Write the listing below out again exactly, though only as far as the line with "422 Pershing Dr, New Kensington, PA 15068", which is included.

------ Materials provided ------

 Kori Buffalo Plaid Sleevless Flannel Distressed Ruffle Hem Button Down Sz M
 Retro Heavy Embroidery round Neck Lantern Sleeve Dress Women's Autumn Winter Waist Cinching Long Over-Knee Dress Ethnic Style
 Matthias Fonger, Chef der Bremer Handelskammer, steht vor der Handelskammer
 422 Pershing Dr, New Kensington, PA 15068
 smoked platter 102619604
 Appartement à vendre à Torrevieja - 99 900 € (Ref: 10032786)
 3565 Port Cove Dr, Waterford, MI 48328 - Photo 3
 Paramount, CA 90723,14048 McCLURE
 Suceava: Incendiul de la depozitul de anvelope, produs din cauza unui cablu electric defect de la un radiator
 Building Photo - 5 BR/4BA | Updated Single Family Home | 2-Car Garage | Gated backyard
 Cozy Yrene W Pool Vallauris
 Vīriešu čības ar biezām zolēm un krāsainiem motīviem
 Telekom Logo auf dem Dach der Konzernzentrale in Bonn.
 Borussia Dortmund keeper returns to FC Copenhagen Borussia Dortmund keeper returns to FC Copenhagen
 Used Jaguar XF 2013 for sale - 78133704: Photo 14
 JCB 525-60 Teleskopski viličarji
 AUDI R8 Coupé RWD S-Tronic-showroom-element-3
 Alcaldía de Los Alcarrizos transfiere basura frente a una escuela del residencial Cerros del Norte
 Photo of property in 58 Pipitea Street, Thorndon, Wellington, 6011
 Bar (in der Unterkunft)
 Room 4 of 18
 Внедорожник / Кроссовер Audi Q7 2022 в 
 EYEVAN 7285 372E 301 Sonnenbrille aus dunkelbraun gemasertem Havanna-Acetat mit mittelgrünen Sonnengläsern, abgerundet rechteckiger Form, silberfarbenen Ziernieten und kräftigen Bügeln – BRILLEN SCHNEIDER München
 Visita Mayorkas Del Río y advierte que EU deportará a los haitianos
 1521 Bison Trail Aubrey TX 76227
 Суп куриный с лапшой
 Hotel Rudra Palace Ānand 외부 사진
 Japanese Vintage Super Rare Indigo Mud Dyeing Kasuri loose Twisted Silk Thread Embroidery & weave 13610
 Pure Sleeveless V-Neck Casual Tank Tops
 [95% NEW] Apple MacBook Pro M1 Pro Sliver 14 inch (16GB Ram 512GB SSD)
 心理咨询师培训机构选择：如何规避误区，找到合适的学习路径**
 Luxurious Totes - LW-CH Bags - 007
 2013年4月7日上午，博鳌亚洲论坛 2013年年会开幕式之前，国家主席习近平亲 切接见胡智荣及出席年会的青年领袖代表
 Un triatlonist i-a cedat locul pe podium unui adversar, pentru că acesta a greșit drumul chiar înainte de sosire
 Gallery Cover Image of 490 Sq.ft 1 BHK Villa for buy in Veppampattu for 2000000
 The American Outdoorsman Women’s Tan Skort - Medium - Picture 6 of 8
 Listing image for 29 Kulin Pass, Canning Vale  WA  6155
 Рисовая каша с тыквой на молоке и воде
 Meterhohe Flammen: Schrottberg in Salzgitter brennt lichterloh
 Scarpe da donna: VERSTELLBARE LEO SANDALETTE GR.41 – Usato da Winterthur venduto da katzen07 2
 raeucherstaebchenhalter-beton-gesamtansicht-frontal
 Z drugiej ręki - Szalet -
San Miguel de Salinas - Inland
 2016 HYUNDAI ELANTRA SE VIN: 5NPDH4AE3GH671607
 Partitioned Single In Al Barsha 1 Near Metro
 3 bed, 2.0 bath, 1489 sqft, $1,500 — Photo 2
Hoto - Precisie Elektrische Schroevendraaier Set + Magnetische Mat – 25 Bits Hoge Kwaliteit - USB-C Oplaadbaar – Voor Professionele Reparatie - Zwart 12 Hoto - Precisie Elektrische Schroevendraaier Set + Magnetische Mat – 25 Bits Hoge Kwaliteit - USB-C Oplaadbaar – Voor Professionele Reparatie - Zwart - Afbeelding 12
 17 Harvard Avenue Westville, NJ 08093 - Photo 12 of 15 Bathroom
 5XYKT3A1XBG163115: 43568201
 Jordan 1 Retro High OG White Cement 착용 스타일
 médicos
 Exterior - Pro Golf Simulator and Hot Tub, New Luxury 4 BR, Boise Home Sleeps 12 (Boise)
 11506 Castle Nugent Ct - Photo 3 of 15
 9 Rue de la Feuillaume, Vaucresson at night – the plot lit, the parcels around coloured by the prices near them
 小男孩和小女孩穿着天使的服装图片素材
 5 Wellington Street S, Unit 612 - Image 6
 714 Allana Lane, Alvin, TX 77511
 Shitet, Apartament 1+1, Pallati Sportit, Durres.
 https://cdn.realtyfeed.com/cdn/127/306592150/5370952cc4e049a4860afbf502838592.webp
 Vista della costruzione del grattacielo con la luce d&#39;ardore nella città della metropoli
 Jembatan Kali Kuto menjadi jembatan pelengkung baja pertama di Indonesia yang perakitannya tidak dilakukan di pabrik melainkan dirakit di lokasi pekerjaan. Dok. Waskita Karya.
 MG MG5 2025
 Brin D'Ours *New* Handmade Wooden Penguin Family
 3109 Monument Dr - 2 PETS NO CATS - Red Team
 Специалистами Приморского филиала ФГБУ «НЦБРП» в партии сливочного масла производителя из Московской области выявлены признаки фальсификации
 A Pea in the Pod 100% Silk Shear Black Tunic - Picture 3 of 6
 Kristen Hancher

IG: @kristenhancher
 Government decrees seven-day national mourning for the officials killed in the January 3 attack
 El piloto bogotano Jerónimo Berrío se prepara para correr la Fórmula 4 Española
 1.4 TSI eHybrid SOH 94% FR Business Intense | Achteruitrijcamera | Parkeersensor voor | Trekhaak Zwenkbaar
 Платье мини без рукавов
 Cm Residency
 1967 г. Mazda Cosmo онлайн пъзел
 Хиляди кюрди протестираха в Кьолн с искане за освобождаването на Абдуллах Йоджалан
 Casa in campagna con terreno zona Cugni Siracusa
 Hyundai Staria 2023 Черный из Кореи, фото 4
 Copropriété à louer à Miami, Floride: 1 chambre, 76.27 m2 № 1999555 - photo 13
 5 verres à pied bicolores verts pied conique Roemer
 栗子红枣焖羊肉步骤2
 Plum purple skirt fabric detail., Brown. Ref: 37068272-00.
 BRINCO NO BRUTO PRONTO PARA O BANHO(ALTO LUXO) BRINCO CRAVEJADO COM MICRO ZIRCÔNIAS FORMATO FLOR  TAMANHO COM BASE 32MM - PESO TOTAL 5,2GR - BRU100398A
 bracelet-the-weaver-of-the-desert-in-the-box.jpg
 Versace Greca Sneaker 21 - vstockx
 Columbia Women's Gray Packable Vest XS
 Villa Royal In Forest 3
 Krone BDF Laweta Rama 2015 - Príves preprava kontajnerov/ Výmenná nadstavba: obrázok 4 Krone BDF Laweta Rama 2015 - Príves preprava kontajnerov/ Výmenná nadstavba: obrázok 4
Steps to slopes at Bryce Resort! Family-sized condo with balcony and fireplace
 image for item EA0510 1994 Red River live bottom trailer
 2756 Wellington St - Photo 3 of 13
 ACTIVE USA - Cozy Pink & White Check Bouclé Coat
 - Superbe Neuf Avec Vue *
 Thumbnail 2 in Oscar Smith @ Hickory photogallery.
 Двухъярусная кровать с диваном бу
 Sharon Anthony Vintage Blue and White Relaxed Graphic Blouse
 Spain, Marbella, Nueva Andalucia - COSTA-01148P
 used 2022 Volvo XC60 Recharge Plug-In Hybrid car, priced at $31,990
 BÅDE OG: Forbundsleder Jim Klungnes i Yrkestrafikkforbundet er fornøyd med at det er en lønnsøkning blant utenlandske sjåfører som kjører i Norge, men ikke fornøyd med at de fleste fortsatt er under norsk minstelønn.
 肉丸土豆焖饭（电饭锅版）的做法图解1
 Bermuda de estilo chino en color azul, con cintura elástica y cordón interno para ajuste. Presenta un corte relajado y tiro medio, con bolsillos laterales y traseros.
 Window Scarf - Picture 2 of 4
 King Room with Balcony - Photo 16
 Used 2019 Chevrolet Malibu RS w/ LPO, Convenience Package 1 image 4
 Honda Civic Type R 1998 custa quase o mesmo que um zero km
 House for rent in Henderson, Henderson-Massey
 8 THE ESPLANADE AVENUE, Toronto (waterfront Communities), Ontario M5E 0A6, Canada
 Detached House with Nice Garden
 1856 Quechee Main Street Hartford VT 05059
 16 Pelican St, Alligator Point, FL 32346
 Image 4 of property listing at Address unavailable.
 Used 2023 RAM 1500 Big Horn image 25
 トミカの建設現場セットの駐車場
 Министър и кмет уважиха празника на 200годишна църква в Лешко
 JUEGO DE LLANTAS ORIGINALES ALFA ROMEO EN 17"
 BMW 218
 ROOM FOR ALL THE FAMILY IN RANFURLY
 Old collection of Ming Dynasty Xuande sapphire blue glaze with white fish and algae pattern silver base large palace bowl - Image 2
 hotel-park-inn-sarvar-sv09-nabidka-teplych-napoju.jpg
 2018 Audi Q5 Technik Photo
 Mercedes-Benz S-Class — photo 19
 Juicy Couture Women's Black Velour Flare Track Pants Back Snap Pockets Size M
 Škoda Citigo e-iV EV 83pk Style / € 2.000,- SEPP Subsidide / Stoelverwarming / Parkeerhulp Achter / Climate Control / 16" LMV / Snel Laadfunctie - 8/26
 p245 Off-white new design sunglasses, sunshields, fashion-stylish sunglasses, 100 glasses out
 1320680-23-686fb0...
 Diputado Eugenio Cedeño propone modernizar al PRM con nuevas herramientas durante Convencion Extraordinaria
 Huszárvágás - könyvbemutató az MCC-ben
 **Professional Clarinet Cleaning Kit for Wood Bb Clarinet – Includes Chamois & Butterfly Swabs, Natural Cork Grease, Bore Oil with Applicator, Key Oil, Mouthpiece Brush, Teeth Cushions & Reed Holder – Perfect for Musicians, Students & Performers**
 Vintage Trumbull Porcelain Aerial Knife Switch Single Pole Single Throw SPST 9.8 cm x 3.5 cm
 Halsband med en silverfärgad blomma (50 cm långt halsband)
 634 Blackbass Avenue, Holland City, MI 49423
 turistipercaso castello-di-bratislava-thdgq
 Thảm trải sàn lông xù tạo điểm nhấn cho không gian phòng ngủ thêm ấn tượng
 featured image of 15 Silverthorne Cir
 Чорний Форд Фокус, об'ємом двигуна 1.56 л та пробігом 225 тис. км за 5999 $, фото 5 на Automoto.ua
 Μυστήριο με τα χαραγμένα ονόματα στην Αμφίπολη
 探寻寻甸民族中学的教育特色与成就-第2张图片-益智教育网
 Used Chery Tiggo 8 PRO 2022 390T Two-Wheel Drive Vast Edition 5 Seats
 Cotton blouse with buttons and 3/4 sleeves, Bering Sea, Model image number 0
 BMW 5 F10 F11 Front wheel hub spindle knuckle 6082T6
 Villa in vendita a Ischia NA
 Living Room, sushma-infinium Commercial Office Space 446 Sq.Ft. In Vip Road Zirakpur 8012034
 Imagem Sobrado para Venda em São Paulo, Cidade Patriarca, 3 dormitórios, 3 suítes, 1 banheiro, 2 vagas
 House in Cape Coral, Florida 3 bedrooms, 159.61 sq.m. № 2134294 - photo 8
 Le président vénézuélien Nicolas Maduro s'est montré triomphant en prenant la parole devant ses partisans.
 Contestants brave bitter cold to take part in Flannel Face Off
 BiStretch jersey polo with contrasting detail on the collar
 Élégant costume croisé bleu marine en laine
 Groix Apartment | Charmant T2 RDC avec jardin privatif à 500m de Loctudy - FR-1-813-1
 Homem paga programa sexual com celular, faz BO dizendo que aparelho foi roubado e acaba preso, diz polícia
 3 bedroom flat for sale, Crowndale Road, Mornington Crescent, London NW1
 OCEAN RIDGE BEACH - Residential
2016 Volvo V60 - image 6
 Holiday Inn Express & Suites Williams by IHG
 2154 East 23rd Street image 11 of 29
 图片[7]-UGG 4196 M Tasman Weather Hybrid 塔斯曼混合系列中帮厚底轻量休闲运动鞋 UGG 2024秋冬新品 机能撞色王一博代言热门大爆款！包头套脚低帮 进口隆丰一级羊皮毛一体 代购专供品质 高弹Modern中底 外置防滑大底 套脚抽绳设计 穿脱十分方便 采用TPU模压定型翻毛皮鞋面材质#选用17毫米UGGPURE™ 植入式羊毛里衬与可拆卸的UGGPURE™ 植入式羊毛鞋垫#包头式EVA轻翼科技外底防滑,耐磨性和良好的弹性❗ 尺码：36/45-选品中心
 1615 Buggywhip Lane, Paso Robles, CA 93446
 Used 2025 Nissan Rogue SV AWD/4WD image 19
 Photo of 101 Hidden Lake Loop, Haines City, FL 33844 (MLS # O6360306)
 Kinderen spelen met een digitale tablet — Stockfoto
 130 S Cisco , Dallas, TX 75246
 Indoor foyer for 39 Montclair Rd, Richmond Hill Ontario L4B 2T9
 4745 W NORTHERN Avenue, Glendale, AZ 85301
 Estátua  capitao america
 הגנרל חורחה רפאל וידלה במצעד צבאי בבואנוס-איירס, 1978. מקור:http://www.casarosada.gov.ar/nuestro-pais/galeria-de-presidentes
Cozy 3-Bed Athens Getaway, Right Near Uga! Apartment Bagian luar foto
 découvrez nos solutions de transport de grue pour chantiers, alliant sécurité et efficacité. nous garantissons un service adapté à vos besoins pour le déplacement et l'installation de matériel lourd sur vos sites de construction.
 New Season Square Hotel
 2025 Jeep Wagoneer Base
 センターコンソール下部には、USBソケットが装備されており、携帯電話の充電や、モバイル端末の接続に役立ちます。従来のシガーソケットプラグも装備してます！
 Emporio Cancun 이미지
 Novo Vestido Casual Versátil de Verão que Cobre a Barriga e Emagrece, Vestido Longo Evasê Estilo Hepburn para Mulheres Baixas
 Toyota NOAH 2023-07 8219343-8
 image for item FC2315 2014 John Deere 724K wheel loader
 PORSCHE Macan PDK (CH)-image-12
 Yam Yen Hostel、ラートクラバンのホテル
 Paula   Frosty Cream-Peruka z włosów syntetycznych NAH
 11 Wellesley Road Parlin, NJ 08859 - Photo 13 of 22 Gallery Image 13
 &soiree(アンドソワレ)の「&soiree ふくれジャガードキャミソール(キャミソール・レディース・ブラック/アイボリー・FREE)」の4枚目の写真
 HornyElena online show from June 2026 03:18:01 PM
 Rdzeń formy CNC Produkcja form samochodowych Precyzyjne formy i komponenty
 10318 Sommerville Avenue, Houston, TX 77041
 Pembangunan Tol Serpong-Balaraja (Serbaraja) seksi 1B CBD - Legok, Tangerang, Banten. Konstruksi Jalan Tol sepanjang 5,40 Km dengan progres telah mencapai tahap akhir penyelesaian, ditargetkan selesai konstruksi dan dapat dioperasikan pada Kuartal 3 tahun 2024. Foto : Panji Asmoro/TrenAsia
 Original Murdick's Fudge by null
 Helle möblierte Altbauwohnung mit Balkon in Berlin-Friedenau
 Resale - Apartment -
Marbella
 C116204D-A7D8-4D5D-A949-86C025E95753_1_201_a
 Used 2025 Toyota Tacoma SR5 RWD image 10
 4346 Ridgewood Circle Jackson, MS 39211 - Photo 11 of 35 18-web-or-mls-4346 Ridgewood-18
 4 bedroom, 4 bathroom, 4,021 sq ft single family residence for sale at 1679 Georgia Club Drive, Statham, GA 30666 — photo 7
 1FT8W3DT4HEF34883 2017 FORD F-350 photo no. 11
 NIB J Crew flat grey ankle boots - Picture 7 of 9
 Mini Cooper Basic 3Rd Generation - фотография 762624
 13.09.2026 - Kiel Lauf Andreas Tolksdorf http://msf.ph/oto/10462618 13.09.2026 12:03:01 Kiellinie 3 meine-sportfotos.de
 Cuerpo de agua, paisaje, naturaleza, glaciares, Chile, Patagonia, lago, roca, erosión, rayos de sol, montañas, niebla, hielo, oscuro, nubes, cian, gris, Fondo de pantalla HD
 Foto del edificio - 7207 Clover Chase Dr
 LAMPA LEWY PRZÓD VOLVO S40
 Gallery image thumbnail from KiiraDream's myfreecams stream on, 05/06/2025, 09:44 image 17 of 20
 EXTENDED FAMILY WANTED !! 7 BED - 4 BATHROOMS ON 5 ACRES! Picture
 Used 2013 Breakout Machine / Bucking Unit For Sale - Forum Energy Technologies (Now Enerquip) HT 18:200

------

__Exercise solution__.
 Kori Buffalo Plaid Sleevless Flannel Distressed Ruffle Hem Button Down Sz M
 Retro Heavy Embroidery round Neck Lantern Sleeve Dress Women's Autumn Winter Waist Cinching Long Over-Knee Dress Ethnic Style
 Matthias Fonger, Chef der Bremer Handelskammer, steht vor der Handelskammer
 422 Pershing Dr, New Kensington, PA 15068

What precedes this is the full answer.